Police were said to have been alerted to the gang at Kingsdown School. A pair of older boys, both 16, are believed to have been supplying a network of up to 40 children in their mid-teens at the Swindon school.

It is suspected girls as young as 14 have been pestered for sex in exchange for cocaine.

A man, 27, was arrested during the morning raid on Cowleaze Walk, near the Meadowcroft Community Centre, on suspicion of possession of class B drugs with intent to supply and inciting a child to engage in sexual activity.

This Is Wiltshire:

The raid came as Swindon police focused their sights on modern slavery. On Tuesday, officers visited car washes in Stratton and Penhill to check workers’ papers and raise awareness of the signs of forced labour.

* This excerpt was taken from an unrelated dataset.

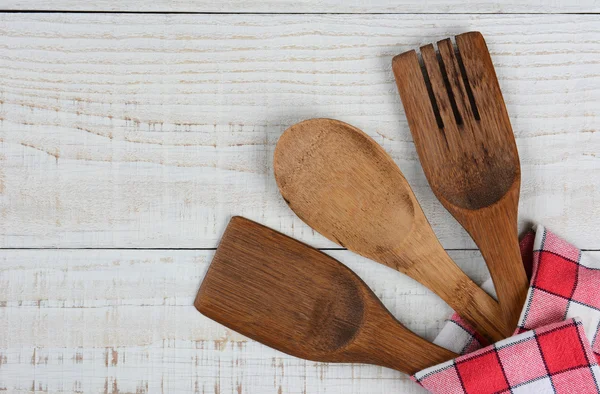 Utensílios de madeira no canto — Fotografia de Stock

Nationally, police have increasingly turned to modern slavery laws to target drug dealers who force children and vulnerable adults to peddle their product.

Sgt Perry said those convicted could expect sentences of up to 15 years imprisonment: “You’ve got children being exploited and young kids being forced to run the drugs. We will take it seriously.

This Is Wiltshire:

“The sheer nature of the exploitation of these young people is unacceptable. If we don’t do something to stop that they’re potentially going to be at risk for the rest of their lives.

“Unfortunately, those children that are at risk now become the suspects of tomorrow and we lose them completely. They need that positive engagement and we’re not going to be able to do that until we remove their handlers, for want of a better word.”

If children start becoming more withdrawn, secretive about their possessions and start acquiring cash and expensive clothes without explanation, it could be a sign they are being exploited by the gangs.

Update: The 27-year-old has been released under investigation, Wiltshire Police said.